1Clinic for Gynaecology and Obstetrics, Clinical Hospital Centre Zagreb, School of Medicine, University of Zagreb, Petrova 13, 10000 Zagreb, Croatia
2Loma Linda University, 11060 Anderson Street, Loma Linda, CA 92350, USA
3Department of Histology and Embryology, School of Medicine, University of Zagreb, Šalata 3, 10000 Zagreb, Croatia
4Department of Physics and Biophysics, School of Medicine, University of Zagreb, Šalata 3, 10000 Zagreb, Croatia
5Clinic for Urology, Clinical Hospital Centre Zagreb, School of Medicine, University of Zagreb, Kišpatićeva 12, 10000 Zagreb, Croatia
6Department for Transfusion Medicine and Transplantation Biology, Clinical Hospital Centre Zagreb, School of Medicine, University of Zagreb, Kišpatićeva 12, 10000 Zagreb, Croatia

Received 9 January 2014; Revised 16 March 2014; Accepted 17 March 2014; Published 4 May 2014

Academic Editor: Raymond J. Rodgers

Copyright © 2014 Trpimir Goluža et al. This is an open access article distributed under the Creative Commons Attribution License, which permits unrestricted use, distribution, and reproduction in any medium, provided the original work is properly cited.

Abstract

A number of studies have indicated that testicular macrophages play an important role in regulating steroidogenesis of Leydig cells and maintain homeostasis within the testis. The current paper deals with macrophages (CD68 positive cells) and Leydig cells in patients with nonobstructive azoospermia (NOA). Methods employed included histological analysis on semi- and ultrathin sections, immunohistochemistry, morphometry, and hormone analysis in the blood serum. Histological analysis pointed out certain structural changes of macrophages and Leydig cells in NOA group of patients when compared to controls. In the testis interstitium, an increased presence of CD68 positive cells has been noted. Leydig cells in NOA patients displayed a kind of a mosaic picture across the same bioptic sample: both normal and damaged Leydig cells with pronounced vacuolisation and various intensity of expression of testosterone have been observed.
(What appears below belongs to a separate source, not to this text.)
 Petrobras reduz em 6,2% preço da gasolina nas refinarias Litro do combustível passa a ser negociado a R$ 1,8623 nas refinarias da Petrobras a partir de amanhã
Stereological analysis indicated a significant increase in volume density of both CD68 positive and vacuolated Leydig cells and a positive correlation between the volume densities of these cell types. The continuous gonadotropin overstimulation of Leydig cells, together with a negative paracrine action of macrophages, could result in the damage of steroidogenesis and deficit of testosterone in situ.